Unlike many early margarines which were made from or included animal fats, Nuttelex has always been a purely vegetarian spread. It was created in Melbourne in 1932 by Hugh Halpin. The business was bought by Gordon McNally and Ted Mayes in 1941, with the backing of Unilever. The partnership dissolved in 1947 and the McNally family became sole owners of the Nuttelex brand.
Nuttelex was not the first Australian margarine. According to the Australian Oilseeds Federation, Australia’s first margarine factory was opened in 1892 in Leichardt, NSW, by Tom Hannan. Their product was made from whale oil, coconut oil and palm oil and was flavoured with cultured milk.

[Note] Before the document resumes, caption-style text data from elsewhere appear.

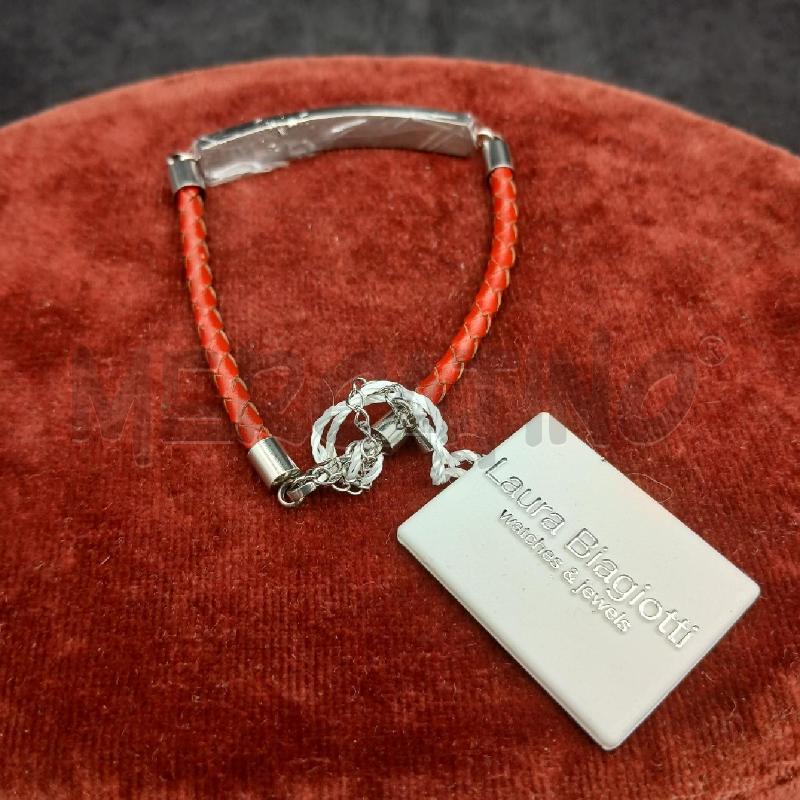 BRACCIALE LAURA BIAGIOTTI ROSSO  | Mercatino dell'Usato Roma garbatella 3
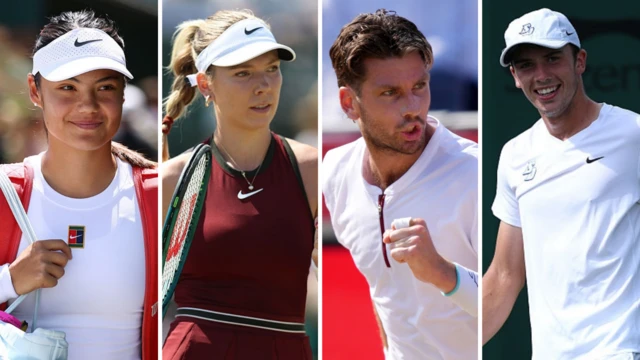 Emma Raducanu, Katie Boulter, Cameron Norrie, Oliver Tarvet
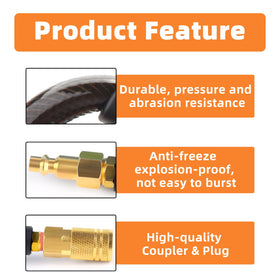 GASHER quick coupler plug 1/4 inch close-up for fast tool changes.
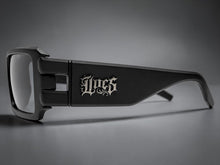 Classic Hardcore Biker Gangster Style LOCS SUNGLASSES Large Thick Matte Black Frame - Dark Lens 91336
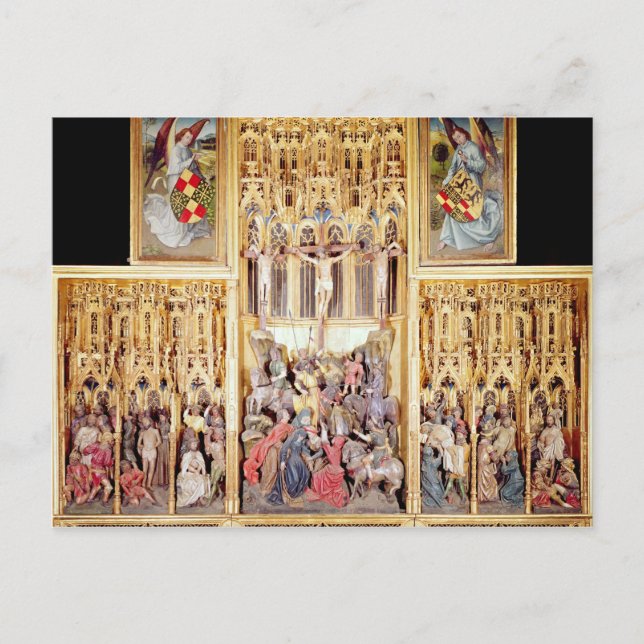 Central section of the Ambierle Altarpiece Postcard (Front)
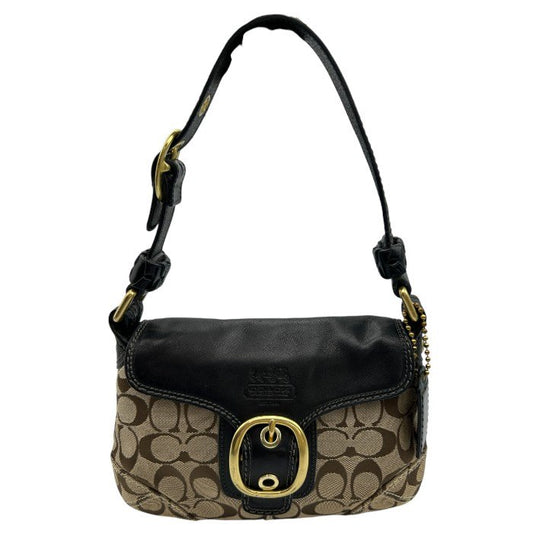 COACH コーチ ワンショルダー バッグ 11441 鞄 トート レザー キャンバス ミニソーホー 中古 W４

Nuttelex, it seems, has always been an all-vegetable product and was probably the first of its kind. The name and the original squirrel logo suggest it originally contained nuts, but the “Original” product is now made from sunflower oil with, according to the manufacturer, “a small amount of sustainable palm fruit oil (to make the product spreadable) along with a fraction of GM-free Canola Oil (which adds to the texture & taste)”.
In 1928 Hugh Halpin obtained space in a portion of a former confectionery factory in Gordon Street, Richmond, Victoria. He began the manufacture of Nuttelex Margarine in 1932 and by 1935 occupied the entire factory. Nuttelex later had premises elsewhere in Richmond and is now being manufactured in Windsor, Victoria.
The dairy industry called the margarine business “a menace to the dairy industry” and a range of licences and quotas were applied in Australia to protect butter sales. These laws persisted until the 1990s. Halpin didn’t do himself any favours with advertising that promoted his product as “Equal to Butter and Cheaper”.
After the partnership between Gordon McNally and Ted Mayes was dissolved, Gordon McNally took over at Nuttelex and ran the company until his death in 1996, aged 91, when his son Ian succeeded him. The brand is still in family hands.